> [Material provided]:

--- START ---

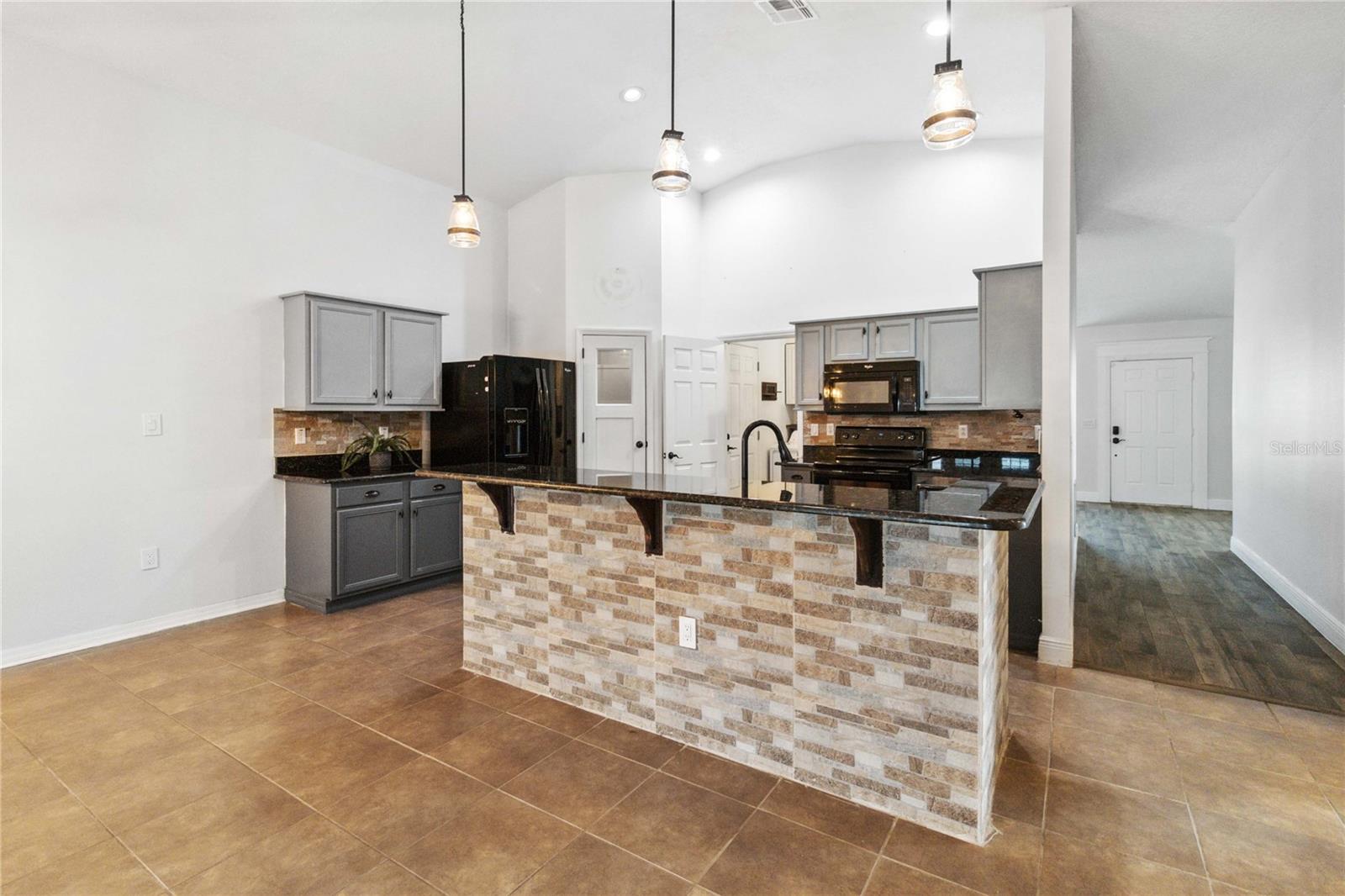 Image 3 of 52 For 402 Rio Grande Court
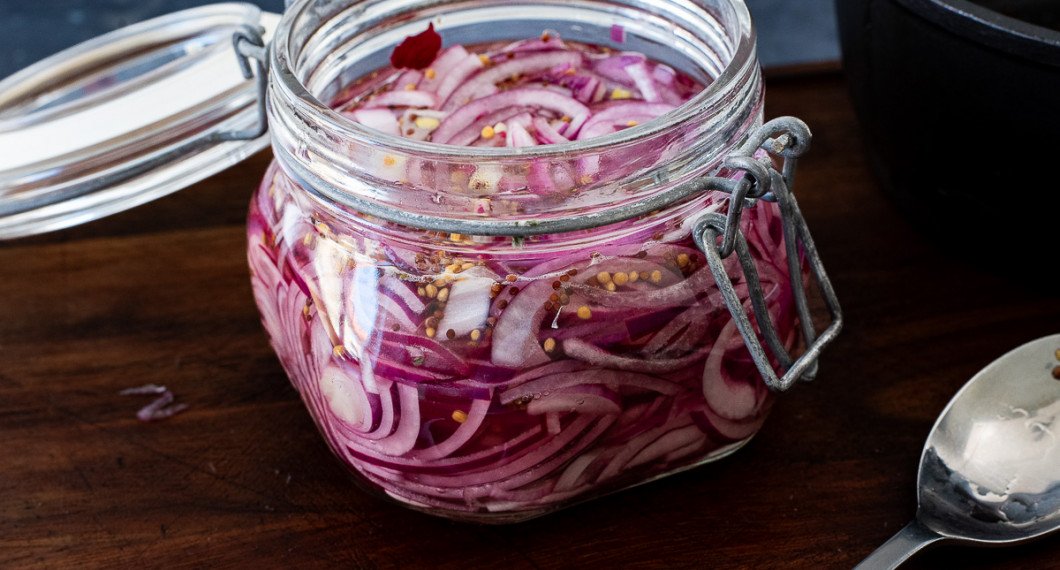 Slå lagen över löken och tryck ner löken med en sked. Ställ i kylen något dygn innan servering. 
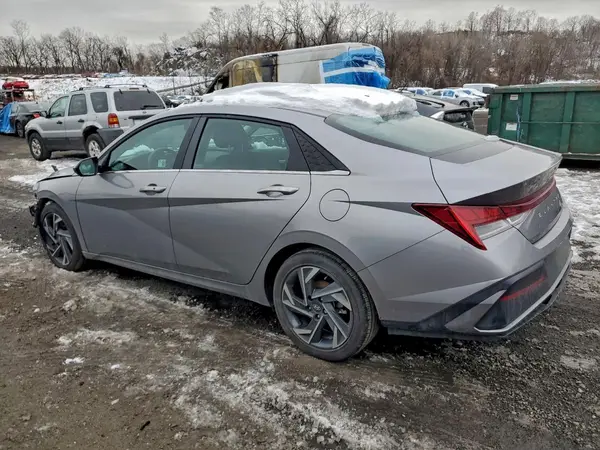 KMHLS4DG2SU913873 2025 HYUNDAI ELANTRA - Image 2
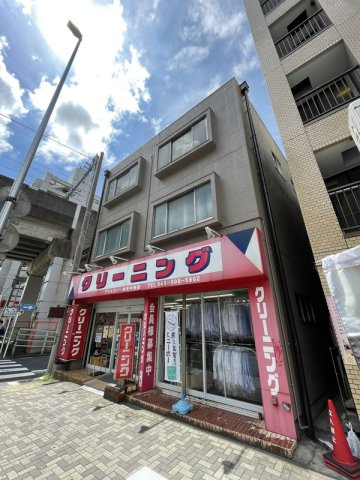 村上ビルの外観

--- END ---

> [Problem to work on]:
Copy exactly what appears from the line holding "KMHLS4DG2SU913873 2025 HYUNDAI" to the end of the material, keeping both end lines. Pictures are not part of the copy.

> [Finished task]:
 KMHLS4DG2SU913873 2025 HYUNDAI ELANTRA - Image 2
 村上ビルの外観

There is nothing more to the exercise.